The cones were made in my family's kitchen from the white pines that grew in front of our house. They are gone, but maybe someday these seeds will find a place to grow.


----------



## The Boggit keeper (Mar 5, 2010)

Lovely! you are talented Moustress  I don't know but they look like they take quite a while to do, I think I'd find coming up with different designs the hard part :lol:


----------



## Rhasputin (Feb 21, 2010)

They're lovely! I have a little kit that makes a mural out of sequins, never thought of making balls!

They're really beautiful, you're very talented!


----------



## moustress (Sep 25, 2009)

Thank you all very much! 

It was a process of learning what could be done; in a couple of photos you see one with very little coverage that was the first try.
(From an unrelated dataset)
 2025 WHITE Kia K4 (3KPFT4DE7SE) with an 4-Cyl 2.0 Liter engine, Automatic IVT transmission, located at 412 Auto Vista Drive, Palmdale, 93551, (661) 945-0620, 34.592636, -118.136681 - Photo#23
It was supposed to be a tree topper, but when I was done I realized that the styrofoam, nice though it was, wasn't as nice as the pretty shinies. So I did another that I actually use as a tree topper. It's shown in the second picture, nestled in among the others with opalescent pipe cleaners forming the rays of a four pointed star. And, as I sort of have lived by the dictum that anything worth doing is worth overdoing, there you have it. A whole pile of 'em.

I just sat down with the materials each time and formed a picture in my mind, which more or less worked itself out on the styrofoam, though there were many, many turns of the mind that altered what was done as I went through the building process.
Some of these were put together in an hour or so, a few took many hours. The last few were done in 2003, I think. I still have some of the materials, and am tempted to use them up, but that may have to wait until I can retire, if that day ever comes.
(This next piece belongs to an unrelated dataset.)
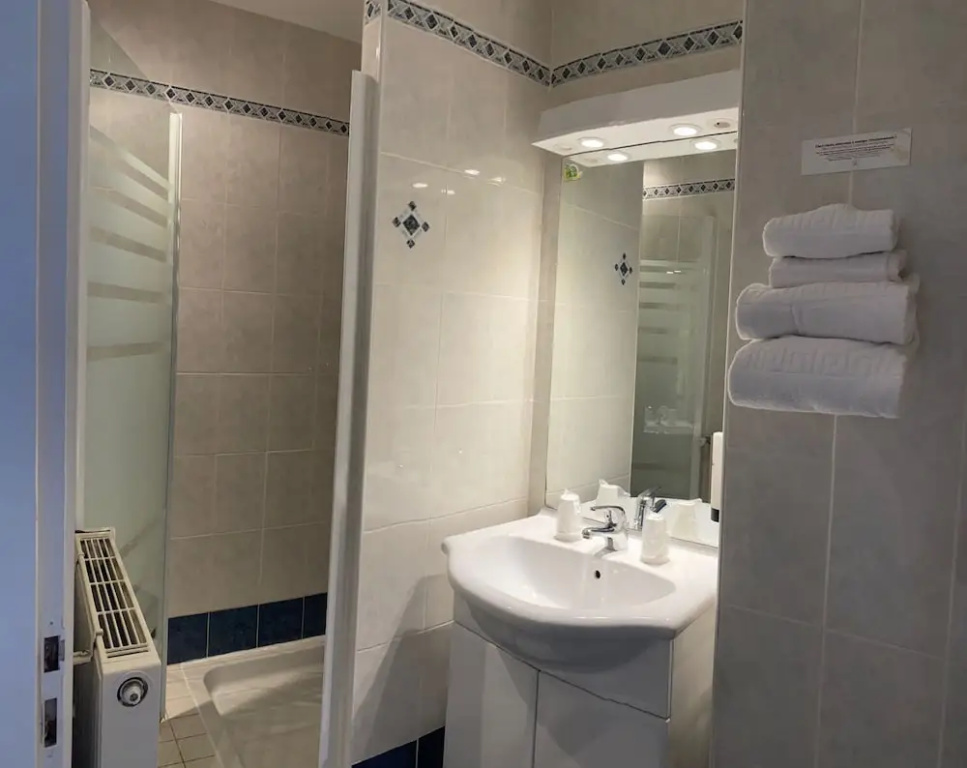 Superior Quadruple room with balcony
Honestly, I have oodles of art training, and I'd do nothing but that and writing and mousing if I had the leisure to to so.
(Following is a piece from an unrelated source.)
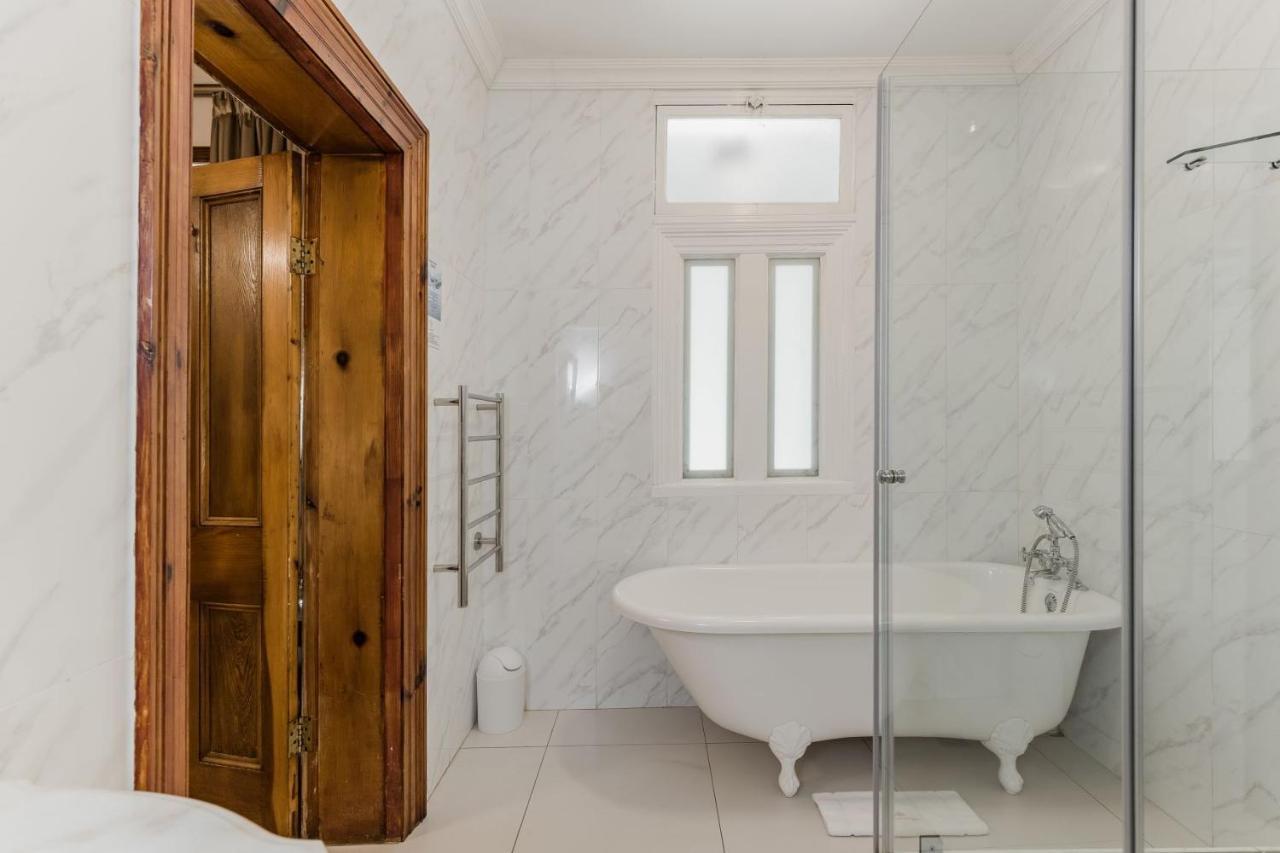 Roosenwijn Guesthouse Стеленбош Екстериор снимка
Oh, who am I kidding; I'm going to keep doing lots of things until I can no longer move a finger. I'm one of those folks who just can't sit idle while awake. Having a laptop computer keeps me from getting up and doing other things that would be Way Too Much Fun considering the consequences. Mousing suits me because it does not involved any repetitive motions and gives me just the right balance of bending, stretching, etc. The laptop keyboard is just the right size for my hands to be propped on the spaces next to the touchpad, acting like a wrist rest.

One does what one can.


----------



## tinyhartmouseries (Dec 30, 2010)

These are pretttttttty!!!!!  I made one in grade school but it was all one color. May I ask how much you were able to sell them for? I know how long they take...


----------



## moustress (Sep 25, 2009)

I never offered them for sale. I have sold some drawings and paintings in the misty past. I'm afraid folks wouldn't be able to pay me what these are worth, as each took at least an hour, for the ones that use beading on wire, braid, and pre-strung sequins or all large sequins. The others took at least a couple of hours. I have thought of trying to sell them, but who would pay $50 to $100. for an ornamental ball? Maybe on Rodeo Drive...but then I'd be in California...EWWWW!!!


----------



## WoodWitch (Oct 18, 2009)

They're great moustress :love1

I love craft work, how I wish I was good at it :lol:


----------



## moustress (Sep 25, 2009)

Thanks.


----------



## AyJay658 (Jan 15, 2012)

I really love the green one!


----------



## jadeguppy (Jun 4, 2011)

Very nice.


----------